ただし、そんな言い逃れもむなしく、彼女は引くどころか話を進めてしまった。
「あたしは全然オッケー。きまりっ」
パンッ、と手を打ち合わせカラッと笑ったかと思うと、「じゃあ、もう1杯買わなきゃ」とキッチンカーの店員に向かって、ビール3杯を注文している。いや待て待て!
「本当についてくる気か!?」
「おつまみもなにかたべる? ポテトでも頼もっか」
「聞けよオイ!!」
クセでつい声を荒げると、びくっと彼女が肩を縮こまらせ、
言い訳になってしまうが、生まれてこの方体育会系だ。社会人になってから気を付けてはいるが、女性相手にさすがに言い過ぎだと分かって冷や汗をかく。「んが……! わりぃ」「き、急に大きい声出さないでよね」
しっかしマジか……どうするよ? 亮介になんて言えば……
「はい、コレ持って。あたし自分のビール持つから」
店員が渡してきた、揚げたてのポテトフライと、ビールのカップが2つ乗った紙製のトレーを、言われるがまま受け取ってしまった。彼女は自身のビールのカップを片手に、「ちょっとフライング」とすでに一口飲んでいる。

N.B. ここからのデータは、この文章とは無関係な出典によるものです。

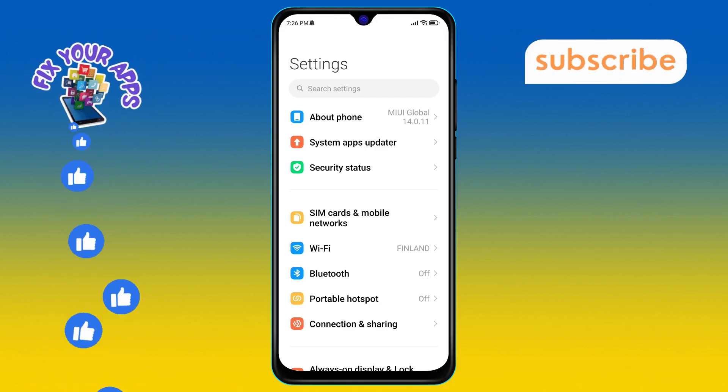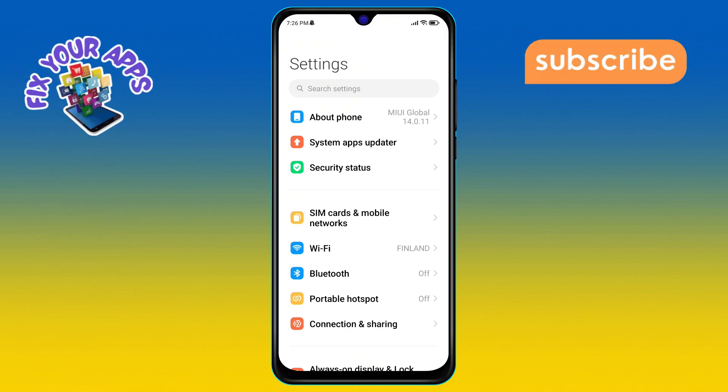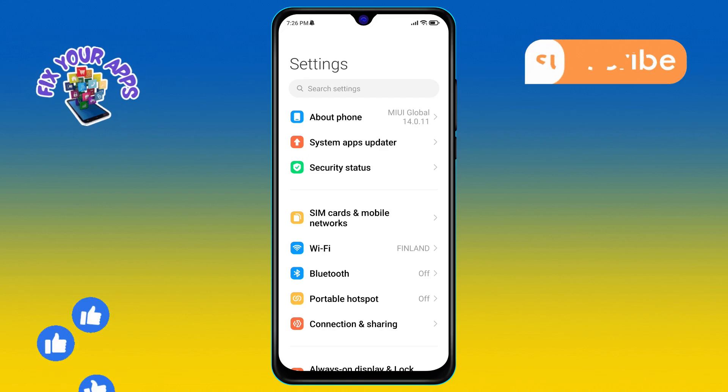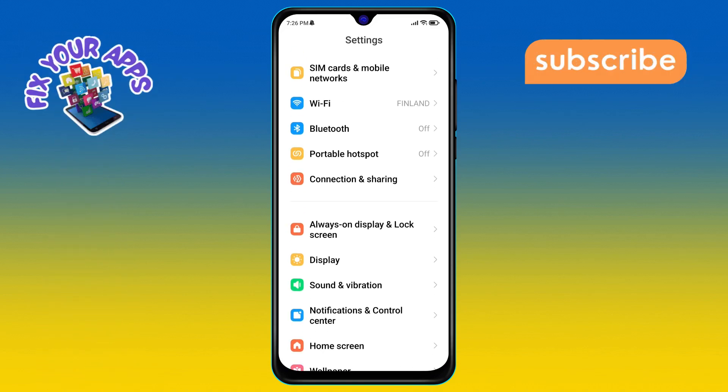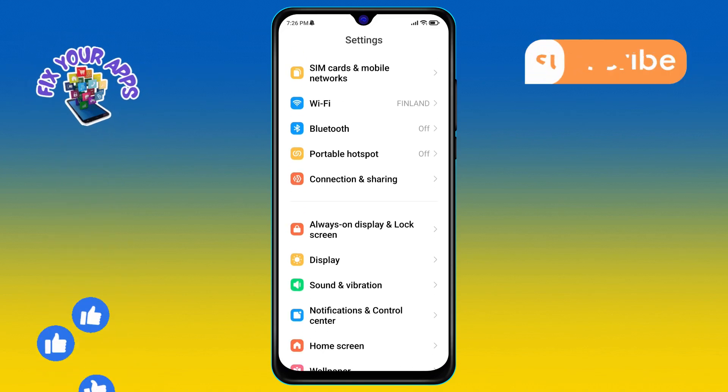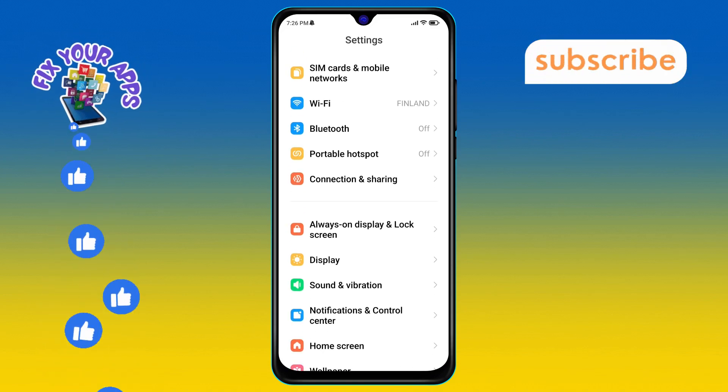Step 2. Once you're in the Settings menu, scroll down and look for the Notifications and Control Center option, then click on it.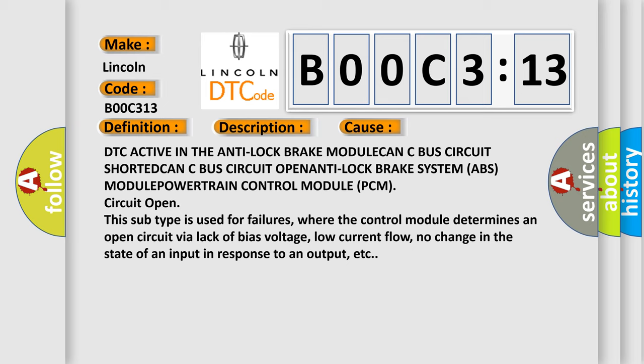This subtype is used for failures where the control module determines an open circuit via lack of bias voltage, low current flow,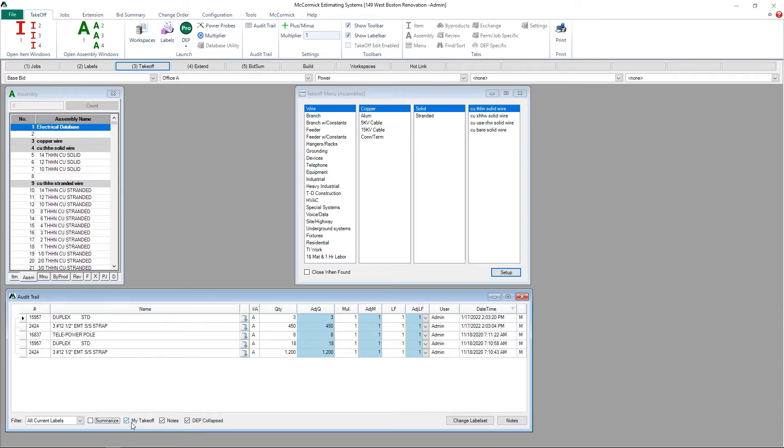To the right of summarize is 'my takeoff,' which is another filtering option allowing me to see only my takeoff or, if the box is not selected, all users' takeoff.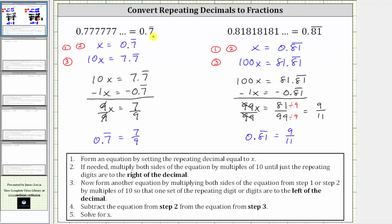Now for these two examples, you may have noticed a pattern. When we had 0.7 repeating, the fraction was seven over nine. When we had 0.81 repeating, we had 81 over 99, and then we simplified. But this pattern is only true when all the digits to the right of the decimal repeat. If we have a digit to the right of the decimal that doesn't repeat, this pattern will not hold up, which we will see in the next few examples. I hope you found this helpful.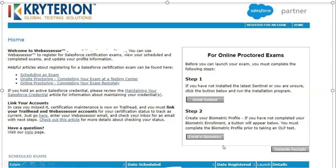For Step 2, click on 'Enroll in Biometrics.' This will check your face identification. The biometric software will ask you to sit straight in front of your webcam. Once the green bar appears, click OK. That's it — Step 1 and Step 2 are completed and you are ready for your online examination.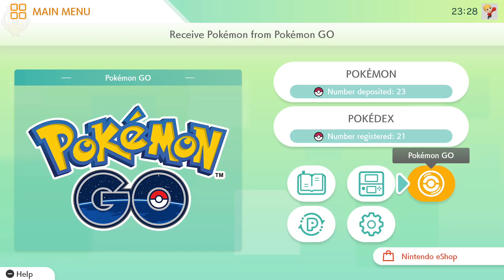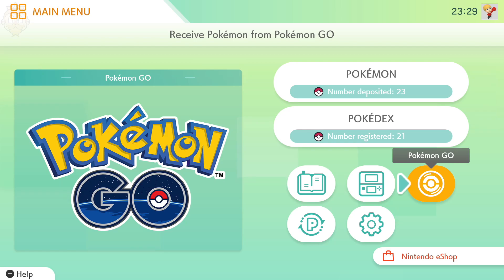Hey folks, MonkeyKinky here. Today I'm discussing how to connect Pokémon Go to your Nintendo Switch, which is a relatively quick process. I've already covered this in how to transfer Pokémon from Go to Home and how to send Pokémon from Go to Home, but in terms of linking your Nintendo Switch account, it's relatively straightforward.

「ン〜、今日暑いからおいしーね」と言っている彼女を見たままその場で立ち尽くしてしまったことに気付き、ハッとして言い聞かせてやる。
「あ、あのなァ、球場は全部指定席なんだよ。それに、そのチケット高けぇ席だぞ。もったいねーだろ」
「そーなの? 別にどこで観たってそんな変わんなくない?」
「だいじょぶっしょ」と、無知ゆえなのか軽いようすで笑う女性は、「ヒナにいい考えがあるの」と言いながら人差し指を立て、芝居がかったようなしぐさでウインクをしてみせた。
勢いに流されてしまったが、気付いたら女性の言われるがままにしてしまう、それを嫌に思わせない、容姿以上に彼女にはそんな不思議な魅力があった。
いったいなんなんだこのネーちゃんは──いやそれにしても、このあと亮介になんと言い訳しようかと、伊佐敷はそのことに対して気が気でなかった。